Fair Value of Assets Acquired and Liabilities Assumed
The allocation of the purchase price for the acquisitions of ION and GIA are not yet finalized and are subject to adjustment as we complete the valuation analysis of these acquisitions. The purchase prices are also subject to adjustment based on working capital requirements as set forth in the acquisition agreements. The pro forma results of operations and the results of operations for these acquisitions have not been separately disclosed because the effects were not significant compared to the consolidated financial statements.
The following table summarizes the estimated fair values of the assets acquired and liabilities assumed as of the acquisition date for ION and GIA:
(in millions)IONGIA
Identifiable intangible assets:
Customer contracts (1)$235 $— 
Trademarks (2)78 256 
Non-competition agreements (3)
— 24 
Total identifiable intangible assets acquired
313 280 
Identifiable net assets/(liabilities):
Cash and equivalents
76 
Trade receivables, net
59 195 
Inventories
21 
Prepaid expenses and other
13 
Property and equipment, net
32 67 
Other assets
45 287 
Accounts payable(10)(89)
Current portion of long-term obligations and other short-term borrowings(3)(1)
Other accrued liabilities(38)(171)
Long-term obligations, less current portion(14)(15)
Deferred income taxes and other liabilities(88)(209)
Total identifiable net assets/(liabilities) acquired
313 454 
Noncontrolling interest(151)(884)
Goodwill
908 3,241 
Total net assets acquired
$1,070 $2,811 
(1)    The weighted-average useful life of customer contracts is 20 years.
(2)    The weighted-average useful life of trademarks is 10 years.

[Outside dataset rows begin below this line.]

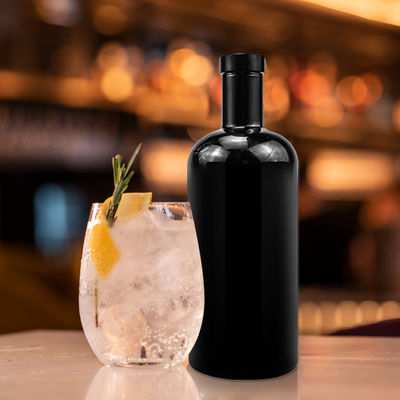 競争力のある 750ml 700ml 500ml クリアウイスキー ウォッカ ボトル
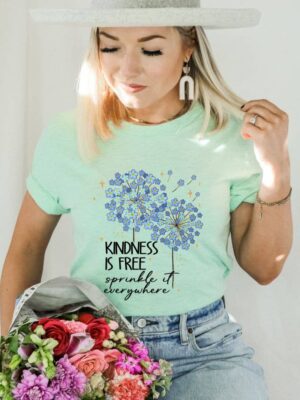 Kindness Is Free T-shirt | Women's Shirt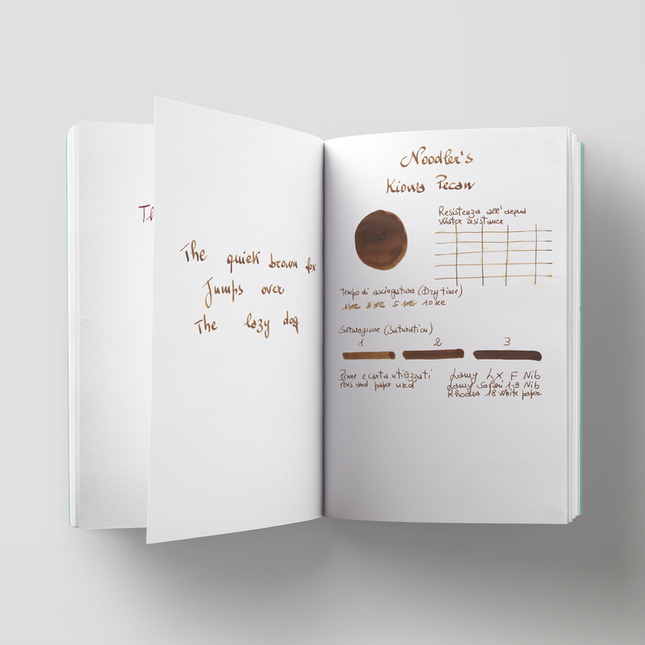 Noodler's Kiowa Pecan Inchiostro 3 oz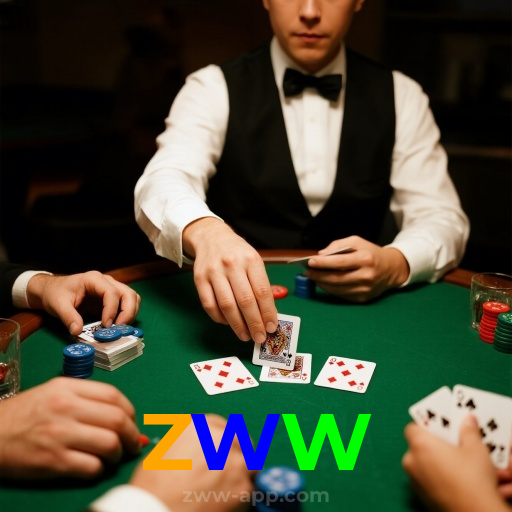 ZWW：Jogue slots, aposte no futebol e vença em grandes mesas de poker!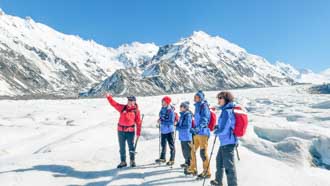 Mount Cook Glacier guides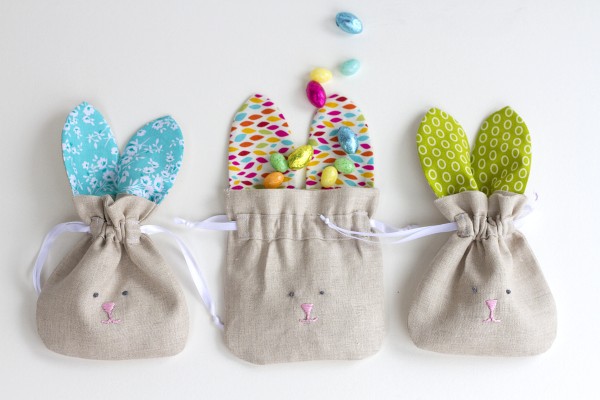 DIY Bunny Bags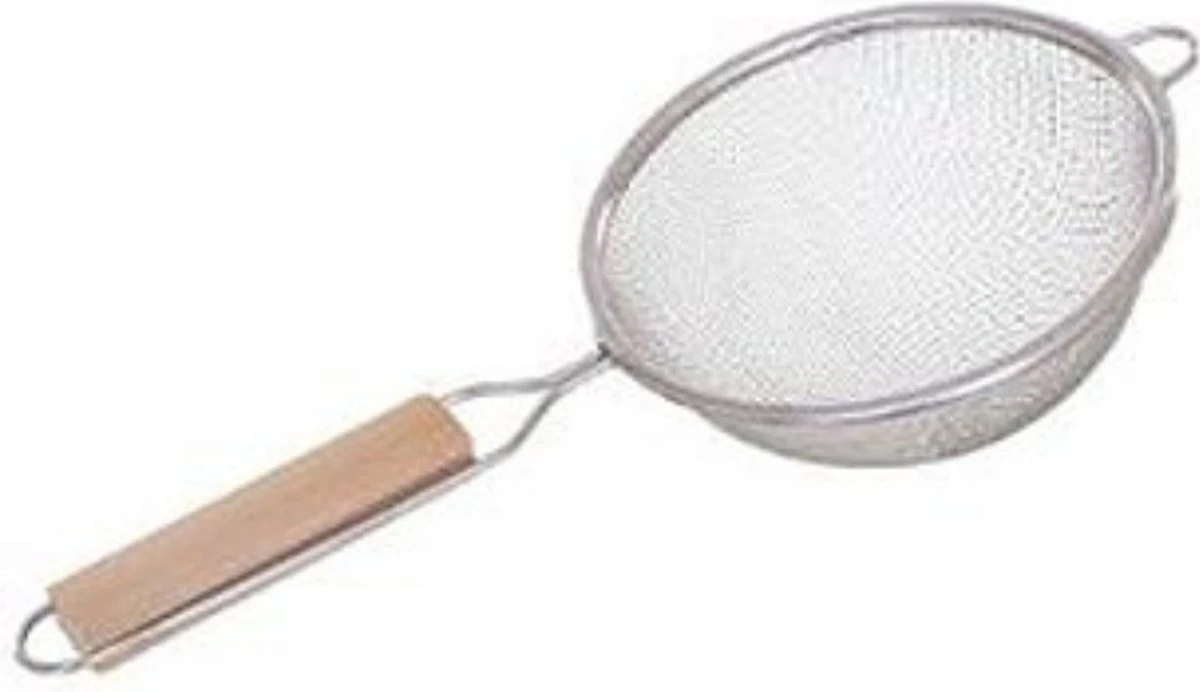 Five - Keukenzeef - Set Van 3 Stuks - Bolzeef - Zilver 3 Five - Keukenzeef - Set Van 3 Stuks - Bolzeef - Zilver - Afbeelding 3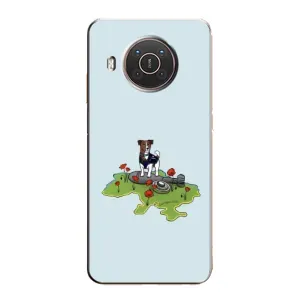 Чехлы с картинкой собаки Патрон для Nokia X20 (AlphaPrint)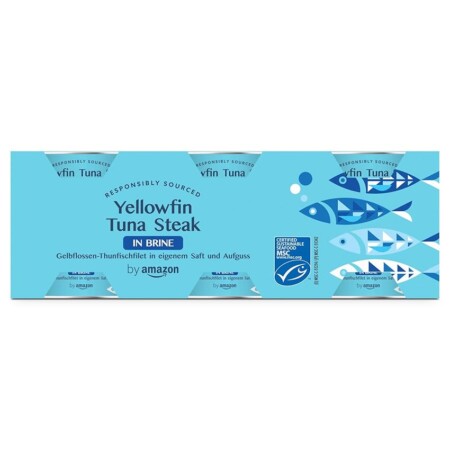 offerta a tempo: tonno pinne gialle al naturale 6 lattine — 53% da 7,99 € a 3,75 €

(3)    The weighted-average useful life of non-competition agreements is 4 years.
The valuation of identifiable intangible assets utilizes significant unobservable inputs and thus represents a Level 3 nonrecurring fair value measurement. The discount rates used to arrive at the present values of the identifiable intangible assets were 9.5 percent and 10.0 percent for ION and GIA, respectively, and reflect their internal rates of return and uncertainty in the cash flow projections, which is reflective of market participant assumptions.
The estimated fair value of ION customer contracts were determined using an income-based approach, which includes market participant expectations of the cash flows that an asset
could generate over its remaining useful life, discounted back to present value using an appropriate rate of return.
The fair value of the ION and GIA trademark intangible assets were determined utilizing the relief from royalty method, an income-based approach. Under this method, a royalty rate based on observed market royalties is applied to projected revenue supporting the trademarks and discounted to present value using an appropriate discount rate.
The fair value of the non-compete intangibles acquired from GIA were determined by applying the differential cash flow method which compares the present value of cash flows with and without the non-compete agreements in place.
The noncontrolling interests were recognized at their acquisition-date fair values of $151 million and $884 million for ION and GIA, respectively. For GIA, the fair value was determined based on the fair value of GIA's common units.
The allocation of the fair value of assets acquired and liabilities assumed for the Specialty Networks acquisition was finalized during the nine months ended March 31, 2025, resulting in goodwill of $784 million. There were no significant adjustments to the allocation of the fair value of assets acquired and liabilities assumed for the Specialty Networks acquisition from those disclosed in our fiscal 2024 Form 10-K.